The reviewer thinks the study is well-organized a well-written, providing good insights and theoretical background. However, as this technology aims to equip the biodegradable property, it would be beneficial to perform any of proof-of-concept experiments to show anything regarding it, at least showing the photos while biodegradation or simple quantitative data.

Author Response

"Response to the comments" (ID: nanomaterials-2607014)

Submission Title: "Degradable plasma-polymerized poly(ethylene glycol)-like coatings as a matrix for food packaging applications"

Dear Editorial Board of the “Nanomaterials,”
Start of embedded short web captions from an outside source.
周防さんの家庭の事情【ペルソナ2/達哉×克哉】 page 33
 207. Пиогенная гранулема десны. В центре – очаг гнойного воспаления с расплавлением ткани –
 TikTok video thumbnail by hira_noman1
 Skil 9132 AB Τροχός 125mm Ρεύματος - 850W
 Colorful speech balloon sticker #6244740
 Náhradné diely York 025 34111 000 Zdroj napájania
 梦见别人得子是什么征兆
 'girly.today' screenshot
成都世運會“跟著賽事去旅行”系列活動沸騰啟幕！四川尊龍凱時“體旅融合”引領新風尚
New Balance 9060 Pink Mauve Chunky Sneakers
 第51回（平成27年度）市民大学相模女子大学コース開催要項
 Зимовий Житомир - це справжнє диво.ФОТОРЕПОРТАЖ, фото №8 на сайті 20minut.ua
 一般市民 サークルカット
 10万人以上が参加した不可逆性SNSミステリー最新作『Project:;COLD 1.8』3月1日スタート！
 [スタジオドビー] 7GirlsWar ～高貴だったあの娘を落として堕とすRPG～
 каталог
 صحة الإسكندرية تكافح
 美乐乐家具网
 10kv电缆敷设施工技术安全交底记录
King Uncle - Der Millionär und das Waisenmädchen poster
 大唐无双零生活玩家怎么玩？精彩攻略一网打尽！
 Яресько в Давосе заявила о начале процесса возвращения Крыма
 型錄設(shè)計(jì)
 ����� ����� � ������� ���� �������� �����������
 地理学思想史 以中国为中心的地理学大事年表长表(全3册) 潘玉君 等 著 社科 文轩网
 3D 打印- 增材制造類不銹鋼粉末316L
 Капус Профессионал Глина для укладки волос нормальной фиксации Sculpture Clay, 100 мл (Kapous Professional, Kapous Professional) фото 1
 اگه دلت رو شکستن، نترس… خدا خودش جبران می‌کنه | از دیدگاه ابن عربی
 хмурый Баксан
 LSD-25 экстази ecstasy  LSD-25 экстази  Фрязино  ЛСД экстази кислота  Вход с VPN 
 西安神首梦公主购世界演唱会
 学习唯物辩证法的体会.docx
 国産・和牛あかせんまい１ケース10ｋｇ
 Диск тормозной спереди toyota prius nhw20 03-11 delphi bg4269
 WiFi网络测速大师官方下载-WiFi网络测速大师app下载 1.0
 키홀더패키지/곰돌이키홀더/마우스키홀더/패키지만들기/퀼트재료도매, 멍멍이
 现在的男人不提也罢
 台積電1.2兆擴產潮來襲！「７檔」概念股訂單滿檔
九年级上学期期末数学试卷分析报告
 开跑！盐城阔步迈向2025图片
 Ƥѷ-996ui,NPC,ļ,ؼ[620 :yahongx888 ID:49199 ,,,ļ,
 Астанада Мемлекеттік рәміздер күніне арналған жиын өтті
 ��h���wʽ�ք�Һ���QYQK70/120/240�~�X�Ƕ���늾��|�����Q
We appreciate you for reviewing our manuscript and considering the revised version. We also thank the reviewers for pointing out some important modifications that are essential for our manuscript. To answer their concerns, we have carefully considered all the constructive comments, which have been very useful for restructuring the manuscript. Our point-by-point explanations of the changes made in response to the reviewers’ comments are included in the following pages. We hope that all these changes fulfill the requirements required to deem the manuscript acceptable for publication in nanomaterials.

We look forward to hearing from you in due time regarding our re-submission, and we will respond to any further questions and comments you may have.

Referee: 2

COMMENTS TO THE AUTHOR:

The paper explores an eco-friendly method for producing advanced polymer films for food packaging using plasma polymerization method. The study utilized atmospheric pressure aerosol-assisted plasma deposition to develop a PEG-like coating suitable as a matrix for antimicrobial agents in controlled-release packaging. Results showed optimal plasma operating parameters were essential for desired water stability and biodegradability. Greater distances between the plasma head and substrate led to rougher coatings, while closer distances yielded smoother ones. Low input powers retained more PEG-like chemical structure, although these coatings had less water stability due to low cross-linking. A moderate input power provides the best balance between stability and PEG resemblance.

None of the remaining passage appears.